On 22 May 2026, Anthropic published an initial update on Project Glasswing, an effort to use frontier AI to find and fix vulnerabilities in critical software. The company reported that in roughly one month, an unreleased model called Claude Mythos Preview, working with about 50 partners, helped find “more than ten thousand high- or critical-severity vulnerabilities” across systemically important software.
Anthropic backed the headline number with a more carefully scoped open-source figure. Scanning more than 1,000 open-source projects, Mythos Preview flagged an estimated 6,202 high- or critical-severity issues, of which 1,587 were confirmed as valid true positives after independent assessment. The framing is significant: Anthropic argues that AI coding models have reached a point where they can match or exceed all but the most skilled human researchers at discovering exploitable flaws, a capability that cuts both ways for attackers and defenders.
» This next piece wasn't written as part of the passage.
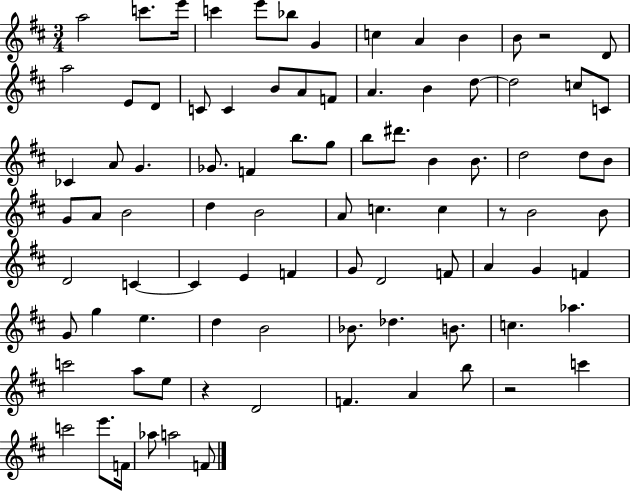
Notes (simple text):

A5/h C6/e. E6/s C6/q E6/e Bb5/e G4/q C5/q A4/q B4/q B4/e R/h D4/e A5/h E4/e D4/e C4/e C4/q B4/e A4/e F4/e A4/q. B4/q D5/e D5/h C5/e C4/e CES4/q A4/e G4/q. Gb4/e. F4/q B5/e. G5/e B5/e D#6/e. B4/q B4/e. D5/h D5/e B4/e G4/e A4/e B4/h D5/q B4/h A4/e C5/q. C5/q R/e B4/h B4/e D4/h C4/q C4/q E4/q F4/q G4/e D4/h F4/e A4/q G4/q F4/q G4/e G5/q E5/q. D5/q B4/h Bb4/e. Db5/q. B4/e. C5/q. Ab5/q. C6/h A5/e E5/e R/q D4/h F4/q. A4/q B5/e R/h C6/q C6/h E6/e. F4/s Ab5/e A5/h F4/e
This entry is tagged as an anecdote because the striking numbers come from the vendor’s own self-report rather than independent audit, and “vulnerabilities found” is a metric that rewards volume. Still, the direction is the point. If a single model can surface thousands of real, severe flaws in a month, organizations face both a powerful new defensive tool and the prospect that adversaries will run the same playbook. The practical takeaway is to treat AI-driven vulnerability discovery as a near-term reality in security planning, not a future hypothetical.